Data section >>

[Start of Attachment]

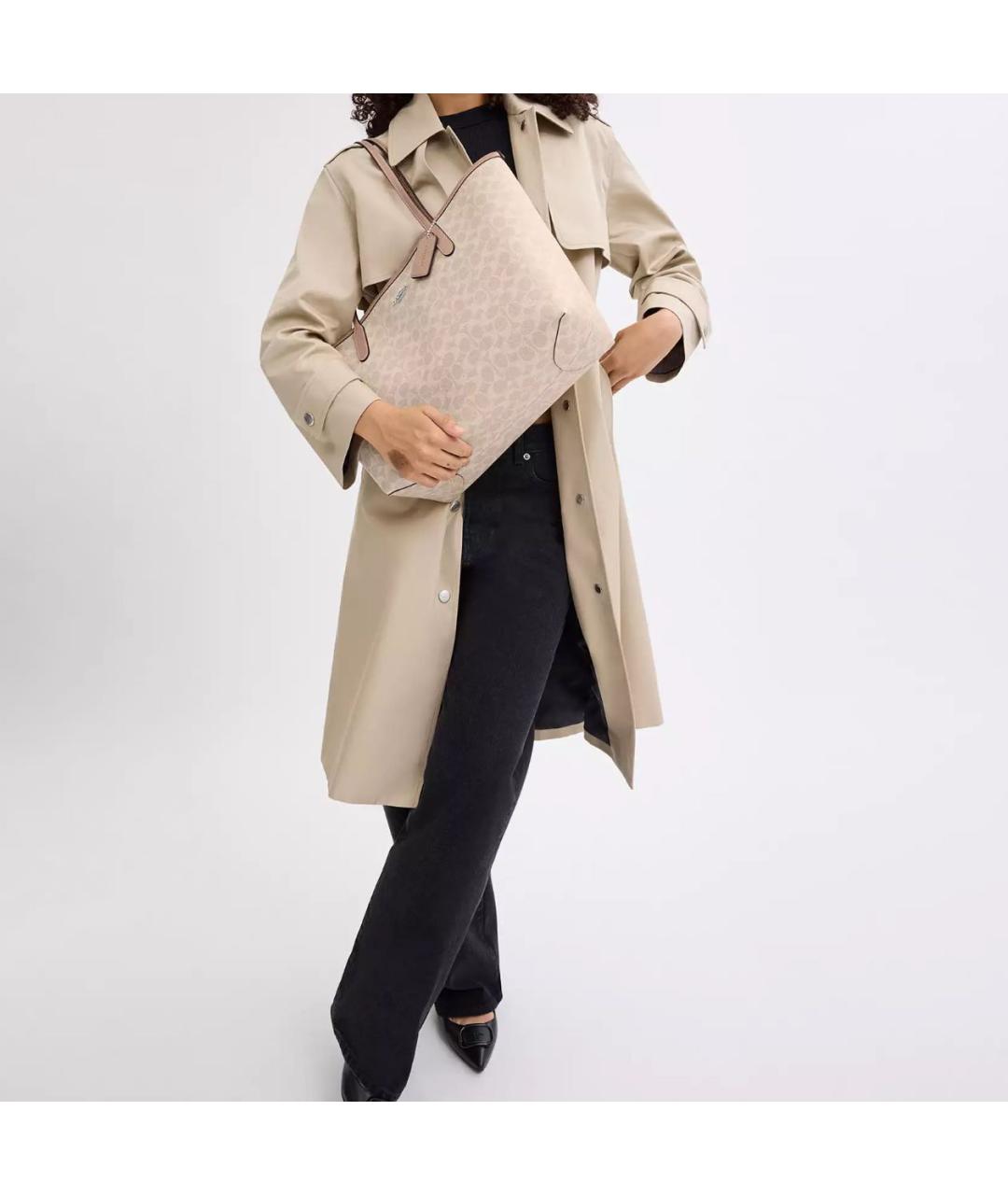 COACH Бежевая кожаная сумка тоут, фото 6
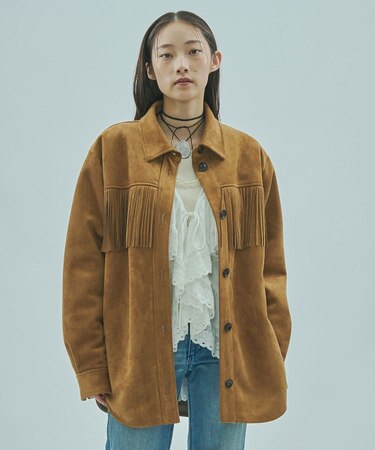 FAKE SUEDE FRINGE JAKET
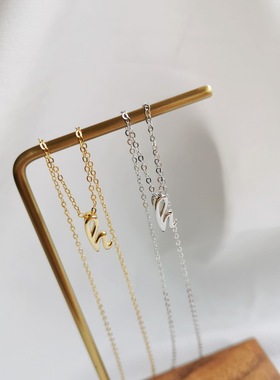 韩国纯银杨紫佟年小众字母锁骨链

[End of Attachment]

Would you restate all of the data above word for word, omitting the pictures?

Expected output >>
 COACH Бежевая кожаная сумка тоут, фото 6
 FAKE SUEDE FRINGE JAKET
 韩国纯银杨紫佟年小众字母锁骨链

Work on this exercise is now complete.